GAINESVILLE, Fla. (AP) — Florida's environmental agency says it is suing a Texas oil company for violating state drilling regulations at a well near the Everglades.
The Florida Department of Environmental Protection said Tuesday that it would file a lawsuit against Dan A. Hughes Co. for using a fracking-like oil recovery practice at its Collier-Hogan well, located near endangered Florida panther habitat.
The issue first bubbled up publicly in December, after DEP learned the company was using a process called "acid stimulation," during which acid is pumped into the well to help loosen up blockages and improve the flow of oil. The DEP says the company didn't wait for state approval to use acid stimulation before moving ahead with the process.
After Collier County leaders and others voiced concerns about the practice's effects on water supplies, the DEP issued a cease-and-desist order for the well.
DEP said the company has also refused to allow the state to test samples of wastewater from the site and that it had ordered Hughes to revise its groundwater monitoring practices, which wasn't followed.
"It is clear that the company has not taken seriously the department's demands to protect Collier County families or Florida's natural resources," DEP secretary Herschel Vinyard said in a statement.
The lawsuit says DEP is seeking to halt operations at the well "until pending completion of appropriate environmental testing." The company isn't waiting for that. Hughes Co. said Tuesday that it was shutting down operations at the well.
Hughes Co. also previously abandoned plans for two other exploratory oil wells in the area. Company spokesman David Blackmon said DEP had not informed them of their intent to sue, and didn't know what regulations the state believes were violated.
"I'm not sure what to make of the announcement, but early yesterday morning the DEP was notified that the company intended to shut in the well," he said. "To this day, the company is not accused of any violations of Florida regulations or laws."
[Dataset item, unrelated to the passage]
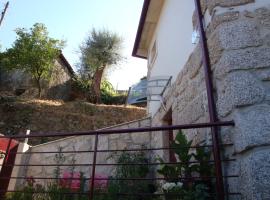 Casa da Ficheira, hotel v destinácii Geres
Collier Resources Co., which owns the land where the Hughes well is located, said in a letter to county officials on July 11 that it had terminated most mineral lease agreements with Hughes, except for the Collier-Hogan well. It also volunteered to pay for testing to address public concerns over drilling activities at the site.
State officials have since conducted groundwater tests in the area and have found no signs of contamination.
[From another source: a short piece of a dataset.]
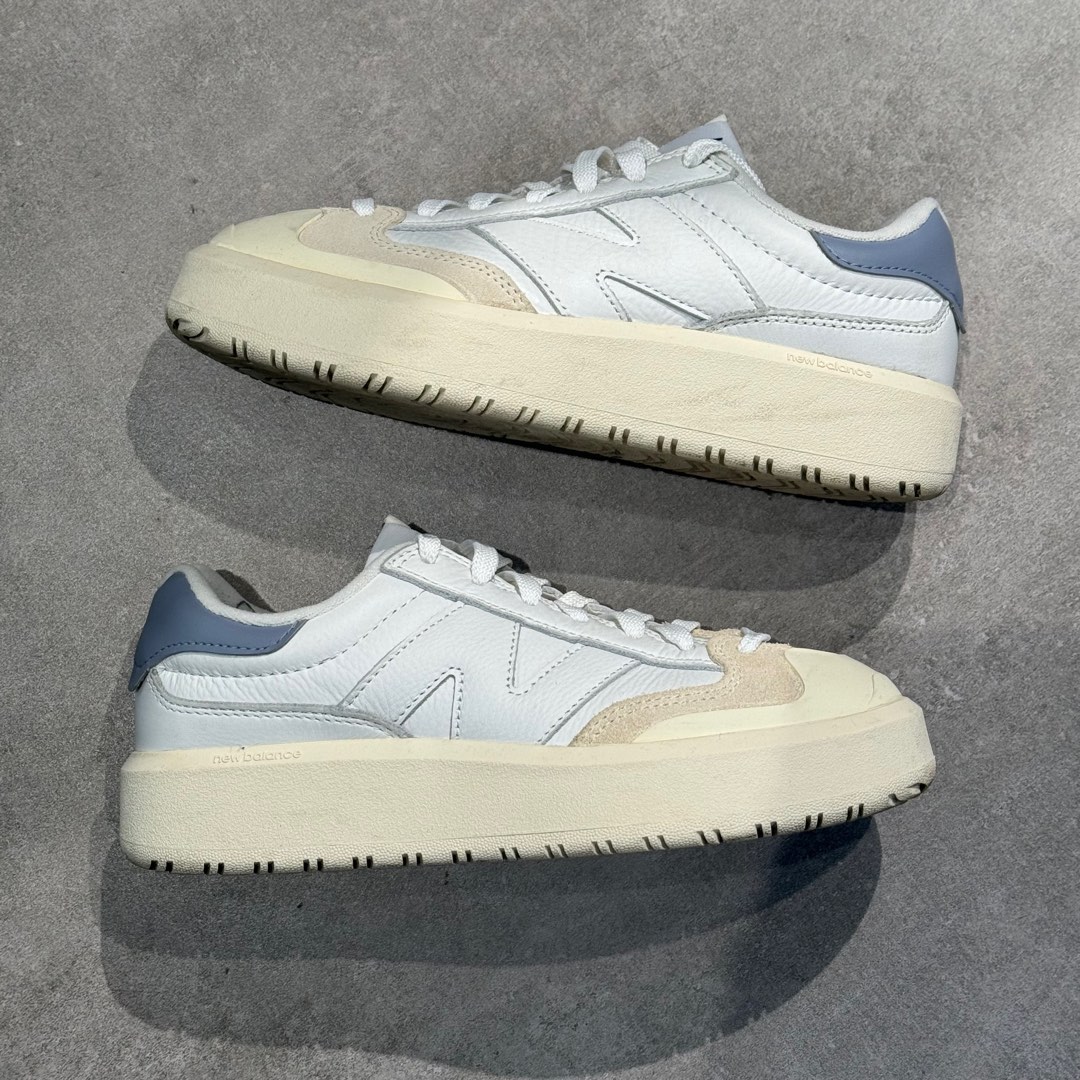 NEW BALANCE CT302OA US5.5 23.5CM IU著用款, 她的時尚, 鞋類, 運動鞋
DEP press secretary Tiffany Cowie says the company's shutdown of the well does not change the agency's plan to sue.
Meantime, environmentalists applauded the company's plans to shut the well and the state's regulatory actions, but said the situation highlights lapses in state oil drilling regulations that allowed the acid stimulation to happen.
"This situation boldly highlights the broader legal and regulatory deficiencies that must be rectified in order to prevent future inappropriate oil drilling and extreme oil extraction techniques," the Conservancy of Southwest Florida said in a news release.